Publicado originalmente em 28 de Maio de 2019

A mídia brasileira e a oposição oficial liderada pelo Partido dos Trabalhadores (PT) perceberam corretamente no levante da juventude da classe trabalhadora de 15 de maio uma ameaça não apenas a Bolsonaro, mas a todo o establishment político – inclusive a si próprios.
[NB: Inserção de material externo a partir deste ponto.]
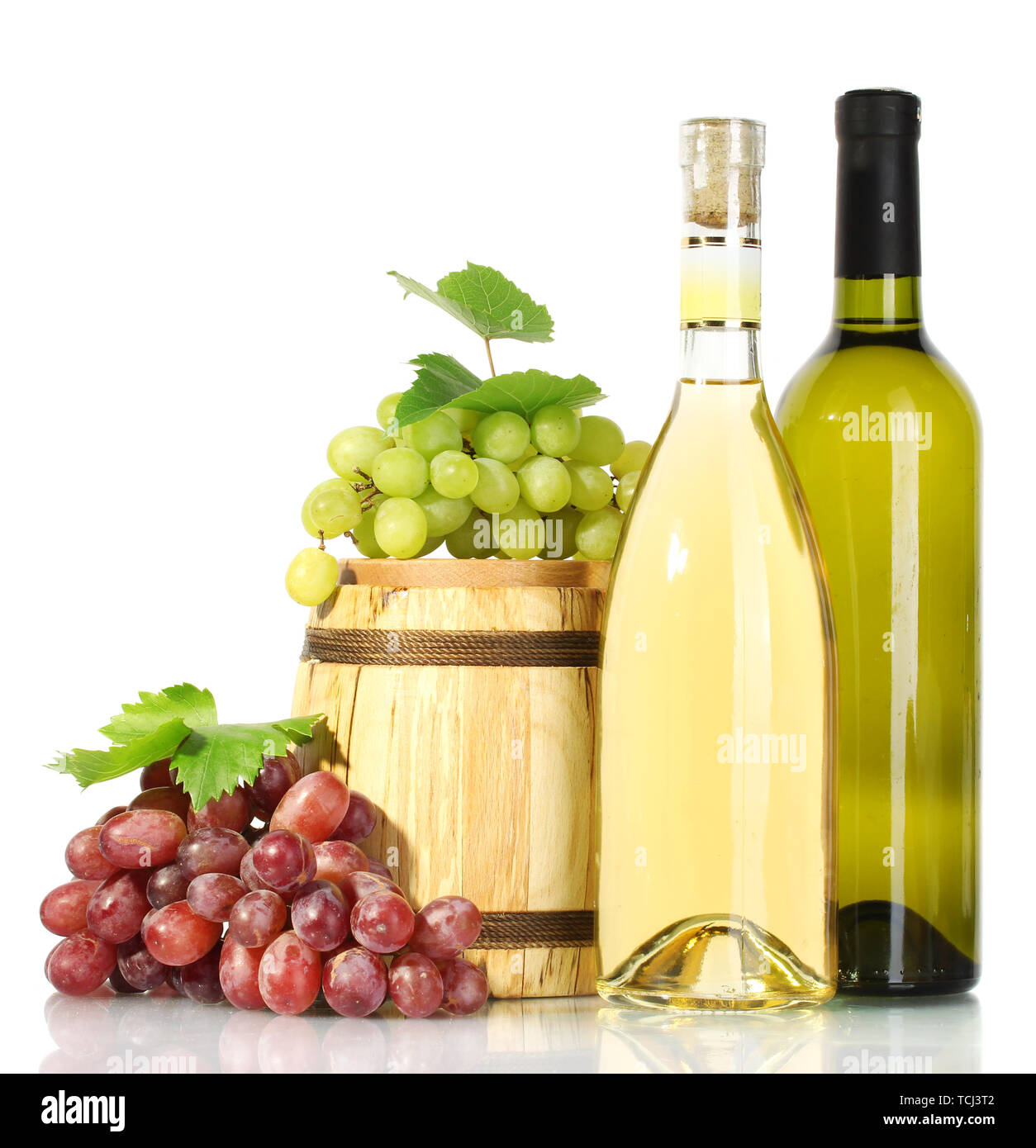 barrel and bottles of wine and ripe grapes isolated on white Stock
Atuando em sintonia, elas estão acelerando as tentativas de isolar a juventude de camadas mais amplas da classe trabalhadora, o que fez com que as palavras de ordem contra a odiada “reforma da previdência” fossem enterradas nas manifestações de 15 de maio, dando lugar a chamados inofensivos por um “consenso nacional” em defesa da educação com o objetivo de acalmar a oposição da direita burguesa a Bolsonaro.

Com a aprovação do governo Bolsonaro sendo superada pela primeira vez pela desaprovação – ele já possui o menor índice de aprovação de qualquer presidente eleito democraticamente na história brasileira após cinco meses de governo –, a estratégia elaborada pela classe dominante possui duas perspectivas.

Ao mesmo tempo que a imprensa corporativa critica Bolsonaro por “politizar” os cortes na educação, dando “pretextos” para o tom desafiador das manifestações, o PT está tentando isolar a juventude e submetê-la à oposição “racional” contra Bolsonaro, que agora procura incluir uma aliança com o PSDB, o partido que dominou o sistema político brasileiro com o PT nos últimos 30 anos.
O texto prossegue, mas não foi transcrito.